From the line containing "Botella Pet Para" through the last line of the entries below, print each line exactly. Pictures stay out.

Start of Supplied data

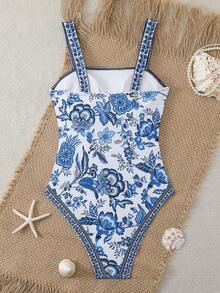 Swim Lushoire Elegant, bantande baddräkt i ombre-modell med rynka och breda axelband för kvinnor - Multifärgad - Visa 2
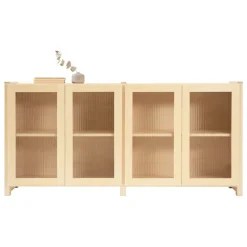 Lundia Classic sideboard med ribbade glasdörrar, natur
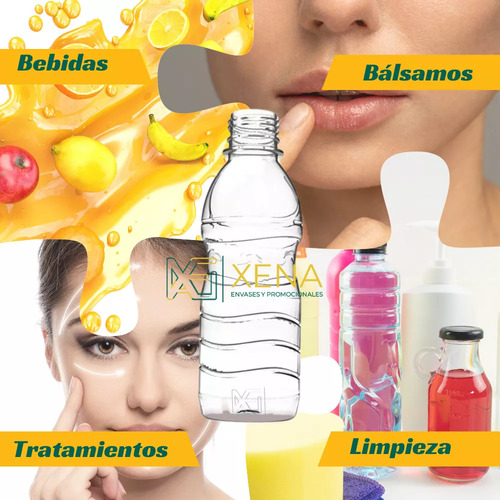 Botella Pet Para Aguas Jugos 250 Ml Tapa Seguridad X 50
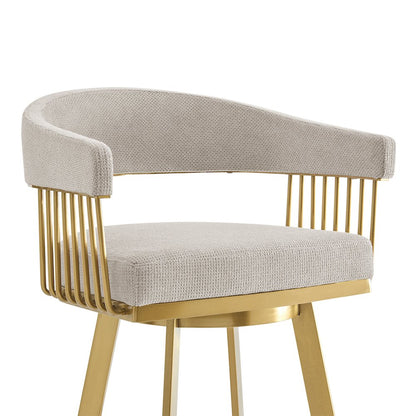 Chelsea 30" Swivel Bar Stool with Gold Brushed Stainless Steel and Taupe Fabric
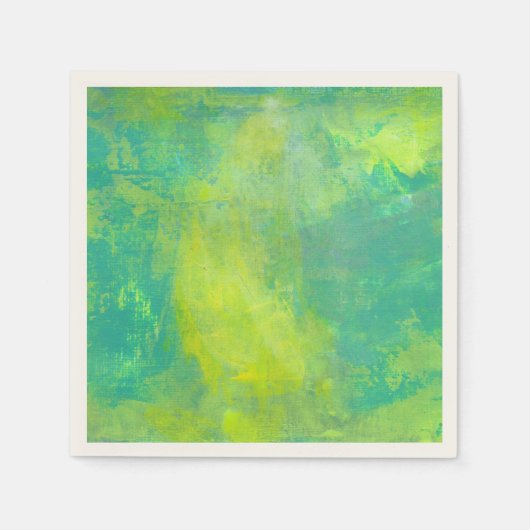 Serviette En Papier Texture abrégée verte et jaune (Devant)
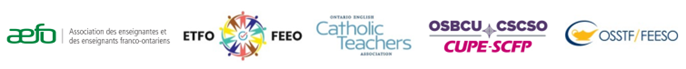 AEFO, ETFO/FEEO, Catholic Teachers, OSBCU/CSCSO, OSSTF/FEESO Logos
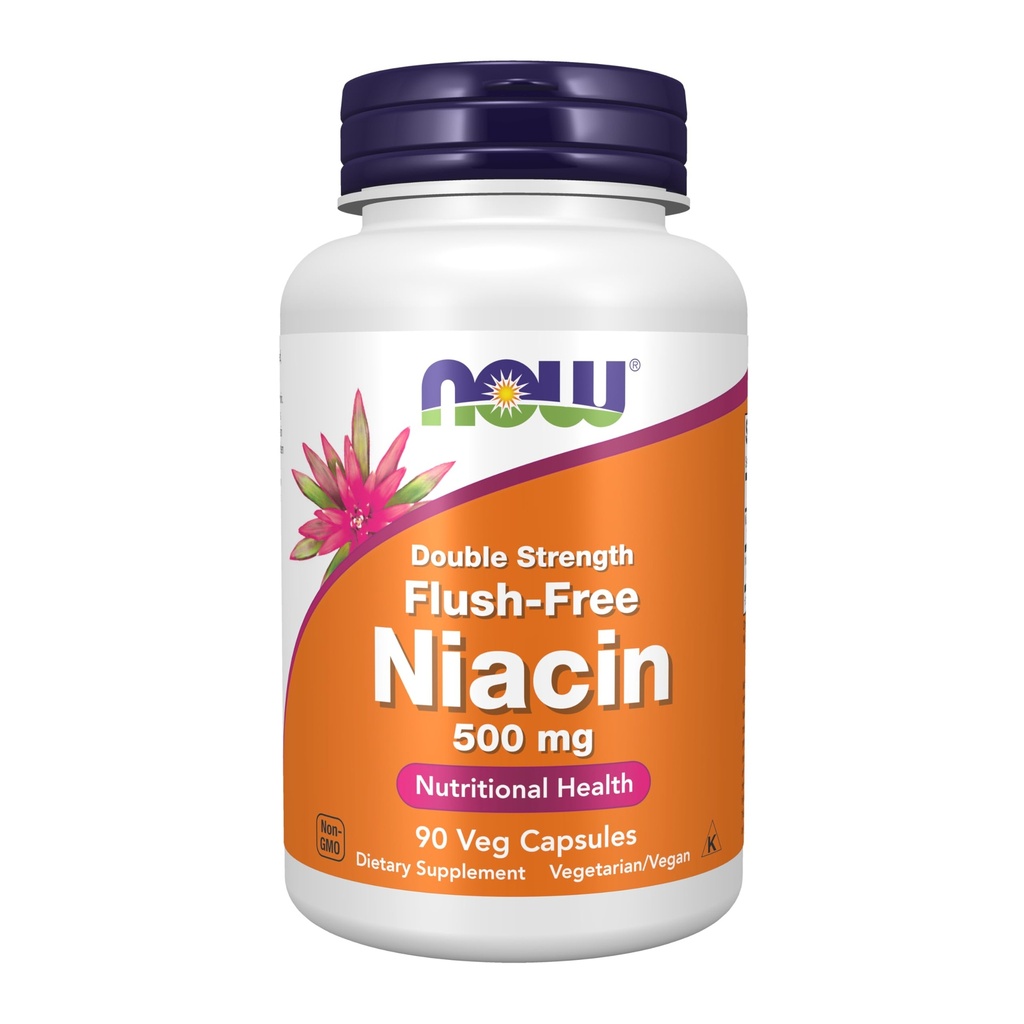 Now Foods Supplements, Niacin (Vitamina B-3) 500 mg, Sem Flush, Dupla Força, Saúde Nutricional, 90 Veg Cápsulas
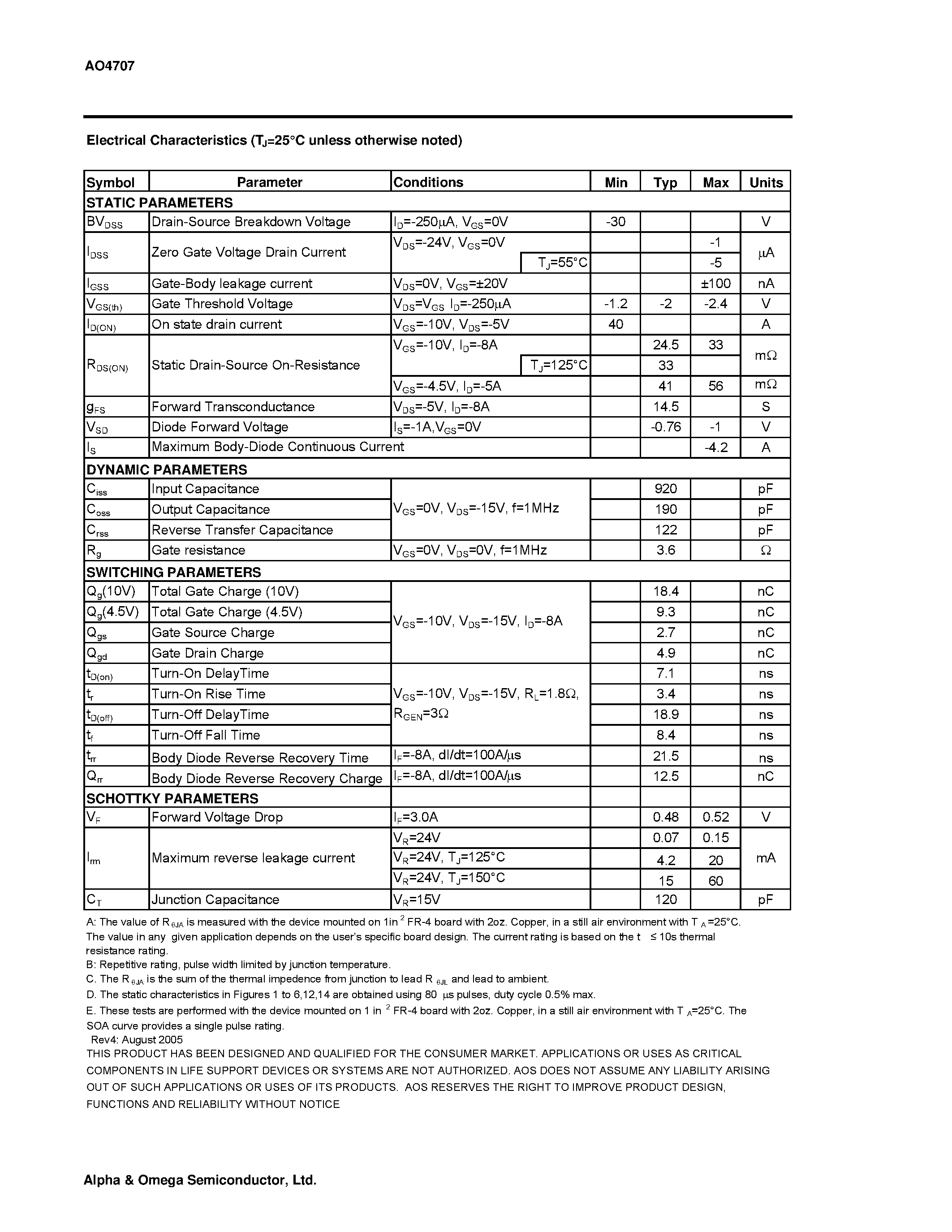 Datasheet AO4707 - P-Channel Enhancement Mode Field Effect Transistor page 2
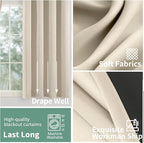 Champagne Blackout Curtains for Bedroom 63 Inch Length, Thermal Insulated 100% Light Blocking Soundproof Grommet Short Bedroom Curtains Thick Window Curtains, Each 42 Inch Wide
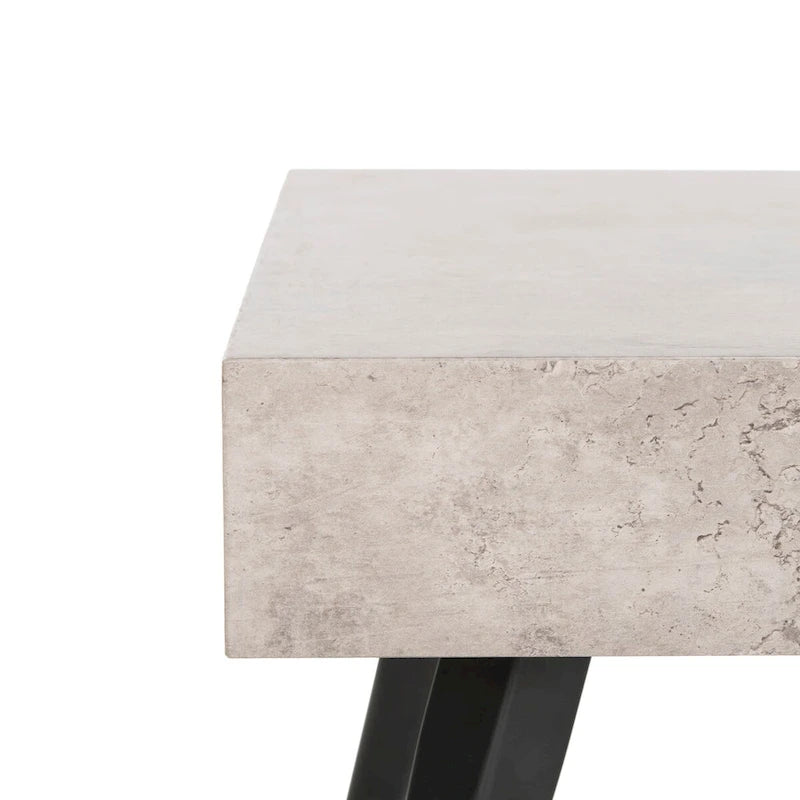 Mid-Century Modern Rectangular Coffee Table with Metal Legs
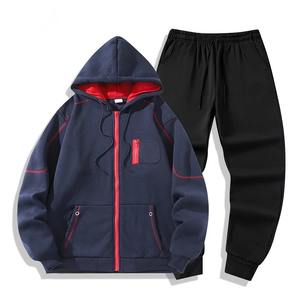 ชุดแจ็กเก็ตขนแกะไซส์ใหญ่สำหรับผู้ชายฤดูใบไม้ร่วงฤดูหนาวชุดเสื้อแจ็กเก็ตกางเกงลำลองมีซิปสำหรับเล่นกีฬาวิ่งฟิตเนส - Product Image 4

End of Supplied data

▶ **Reply**
 Botella Pet Para Aguas Jugos 250 Ml Tapa Seguridad X 50
 Chelsea 30" Swivel Bar Stool with Gold Brushed Stainless Steel and Taupe Fabric
 Serviette En Papier Texture abrégée verte et jaune (Devant)
 AEFO, ETFO/FEEO, Catholic Teachers, OSBCU/CSCSO, OSSTF/FEESO Logos
 Now Foods Supplements, Niacin (Vitamina B-3) 500 mg, Sem Flush, Dupla Força, Saúde Nutricional, 90 Veg Cápsulas
 Datasheet AO4707 - P-Channel Enhancement Mode Field Effect Transistor page 2
 Champagne Blackout Curtains for Bedroom 63 Inch Length, Thermal Insulated 100% Light Blocking Soundproof Grommet Short Bedroom Curtains Thick Window Curtains, Each 42 Inch Wide
 Mid-Century Modern Rectangular Coffee Table with Metal Legs
 ชุดแจ็กเก็ตขนแกะไซส์ใหญ่สำหรับผู้ชายฤดูใบไม้ร่วงฤดูหนาวชุดเสื้อแจ็กเก็ตกางเกงลำลองมีซิปสำหรับเล่นกีฬาวิ่งฟิตเนส - Product Image 4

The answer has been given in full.